HITRUST Certification Essentials Webinar: What You Missed


Navigating the pathway to HITRUST certification is complex and can be daunting to even the most security savvy among us.  BluePrint recently held a HITRUST Certification Essentials webinar, which focused on the four topics essential to understanding the pathway to HITRUST certification for healthcare systems and business associates. We received great questions from our attendees that I will elaborate below.

Our Chief Information Security Officer, Mark Ferrari, MS, PMP, CISSP, HCISPP, and I presented this webinar from the perspective of our work as HITRUST Certified Practitioners and CSF Assessors.

Together, we focused on building knowledge of four topics essential to understanding the pathway to HITRUST certification, including:

  1. The Value of HITRUST
  2. Background on the HITRUST Common Security Framework (CSF)
  3. Our Methodology for Preparing Clients
  4. Evaluation Criteria and Scoring

The graphic below was presented and highlights the three phases of achieving HITRUST certification. Basically, when we work with a client on an assessment, we are helping them identify areas in their program that need improvement, and, after resolution, would achieve scoring at levels that merit certification.



Also, we covered how the HITRUST requirements are derived from the CSF controls and how each organization is uniquely assessed against them. Essentially, the exhaustive CSF framework is organized into 14 control areas.  Those controls are then represented by a superset of over 1,000 requirement statements - organized into three levels across 19 domains.


Questions asked…and answered.

Here are some of the questions we received about HITRUST Certification and the CSF.

  1. How many requirements will my organization be assigned?
    The total number of requirements your organization will be responsible for demonstrating compliance to is dependent on how the assessment is scoped.  A domain could contain anywhere from 2 requirements to over 40 requirements.

  2. What is the minimum score we need to make to achieve certification?
    Although creating a robust security program is the focused of the Common Security Framework, when achieving HITRUST CSF certification, keep in mind that there is no total or overall score. You will receive a score for each of the 19 domains mentioned earlier. Based on the maturity of your program in each domain area, you should score a 71 or higher. The minimum score to achieve certification is 62, however, you must submit a corrective action plan (CAP) with milestones, estimated completion dates and owners. The good news is that you can become certified while advancing your program.

  3. How many staff members do I need to be assigned to this project to get through the certification process? 
    We know that this is a challenge for most organizations. We have seen that it’s best to have a single FTE, such as a project manager, who owns it. That person will need to rely on staff from functional areas, like compliance, system administration, and human resources.
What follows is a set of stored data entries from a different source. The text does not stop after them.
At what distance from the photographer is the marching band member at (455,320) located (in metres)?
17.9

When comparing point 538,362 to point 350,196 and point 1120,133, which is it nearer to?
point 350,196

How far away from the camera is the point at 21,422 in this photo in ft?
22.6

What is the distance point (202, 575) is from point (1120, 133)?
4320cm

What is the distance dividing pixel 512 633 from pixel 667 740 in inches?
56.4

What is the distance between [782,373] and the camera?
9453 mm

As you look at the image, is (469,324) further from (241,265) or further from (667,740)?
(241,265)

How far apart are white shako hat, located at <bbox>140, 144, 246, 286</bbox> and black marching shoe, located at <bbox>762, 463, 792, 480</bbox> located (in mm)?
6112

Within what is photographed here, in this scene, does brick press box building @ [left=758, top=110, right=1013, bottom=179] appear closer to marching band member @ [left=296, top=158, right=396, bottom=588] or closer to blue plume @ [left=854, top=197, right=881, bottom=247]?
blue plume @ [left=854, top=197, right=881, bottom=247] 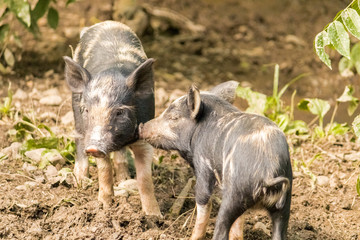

  4. How do we know that we’re ready to submit for HITRUST CSF certification?
    Your third-party assessor, like those on our team, carries out your facilitated assessment and they would tell you what should be strengthened in your program in order to meet the requirements for all 19 domains.

  5. My academic medical institution just wants to submit the hospital for CSF Certification. Is that possible?
    Yes, you can look at your total entity and decide on which verticals you want to submit for certification. Because the self-assessment can be tailored to your organization, we can address the requirements that apply to the organization at a system-level or service/program-level and refine the scope of the assessment.

Would you like to discuss the certification process with someone knowledgeable from our HITRUST team? Contact us by completing the simple form on our information page.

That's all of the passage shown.